IMAGE: Rachel LeCrone

[SCHIZOPHRENIC ROCK] No Go Know frontman Scott Taylor is a prick.

Not really, but that's what he felt like when suggesting that the band's second full-length be a double album. In crafting Time Has Nothing to Do With It, Taylor, bassist Mark McIntire and drummer Sam Smith opted to make like Peter North and get lengthy.

"I said, 'Let's be assholes and make a double album,'" says 31-year-old Taylor with a laugh. He was phoning in from Philadelphia during the band's three-week tour, which ends with the album's release at Kelly's Olympian on Aug. 2. "Everyone's response was, 'You're a pretentious idiot. You don't do that, especially when you're an unknown band nobody gives a crap about.'"

Like My Morning Jacket, the four-year-old trio straddles the line between classic and contemporary rock, sometimes teetering toward jamminess before shifting to prog rock mid-chorus. On Time, No Go Know dips its fingers into nearly everything—space rock, funk, disco, pop, fusion—oftentimes during the same song.

"I think in really schizophrenic terms," says Taylor. "Sam and I work in mental health. We're used to that line of thinking."

And schizo is just the right word. Still, unlike many double albums (we're looking at you, Billy Corgan), there's no clutter here. Rhyme or reason is scarce on the 90-minute opus, but it's so well crafted it's impossible for listeners to get bored.

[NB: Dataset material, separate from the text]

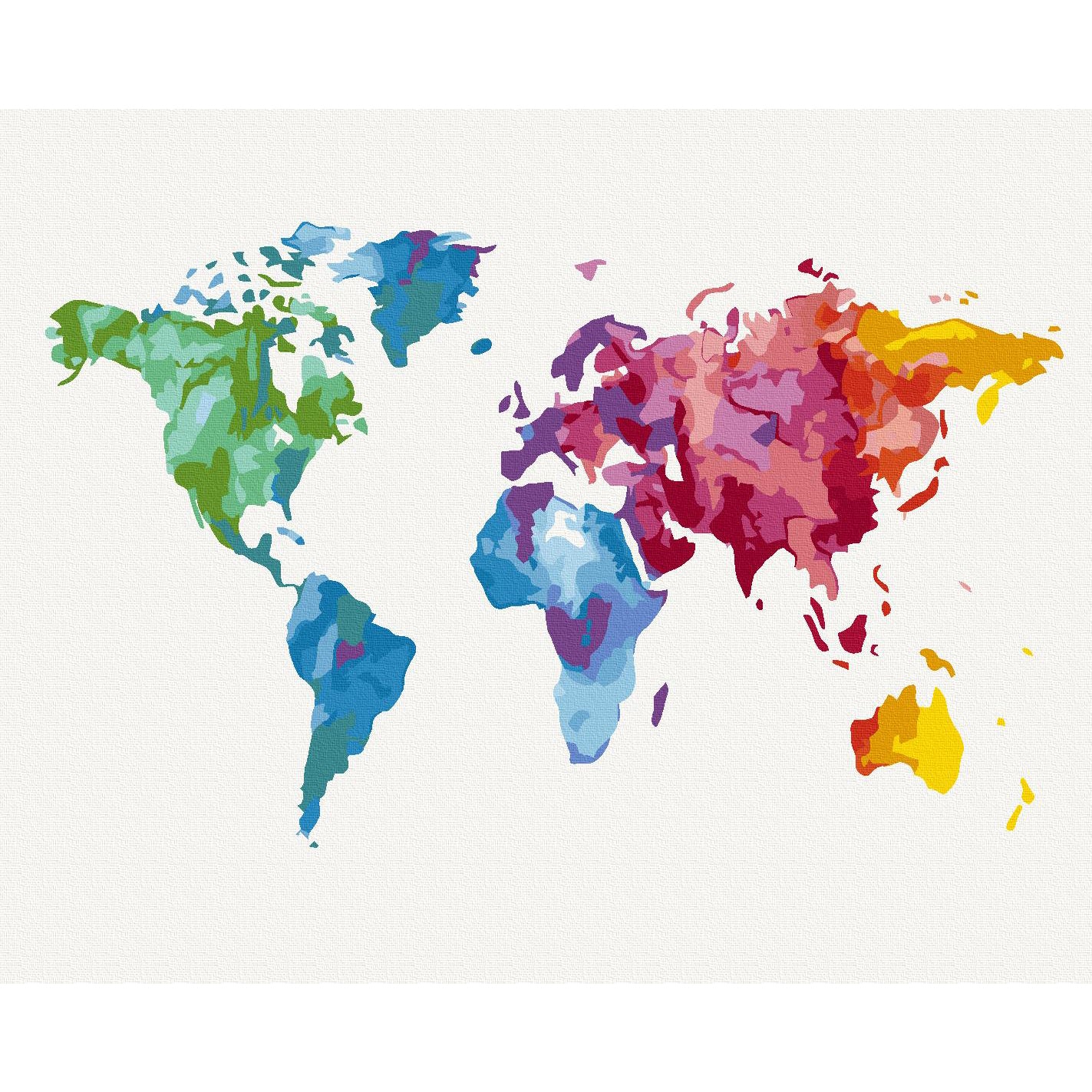 Colourful World Map Paint by Numbers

Time's 18 tracks range from the swampy thump of "My Black Dog" to the Santana-style guitar of "Life Is Forever for Everyone," prodded by a pulsing samba beat. Slide guitar and gentle harmonies on the heartfelt, nine-minute "Is It Getting Better?" veer a little country, while "End of the Stay" tells a dark tale of assault, with crashing drums punctuating the violence. "There Is No End to What We Need" plays like Radiohead by way of Soundgarden.

"I don't know how anyone's going to process [the album]," says Taylor, adding that the band has had difficulty finding a hometown audience. But No Go Know's devil-may-cry identity gives it strength. Its unwillingness to contort into a mold is ballsy. And based on the strength of Time Has Nothing to Do With It, the band should ensnare audiences in its gleeful abandon in due time. Unless No Go Know does something to screw it up. "Next is a triple album," Taylor jokes.

GO: No Go Know releases Time Has Nothing to Do with It at Kelly's Olympian. Sunday, Aug. 2. 8 pm. $4. 21+.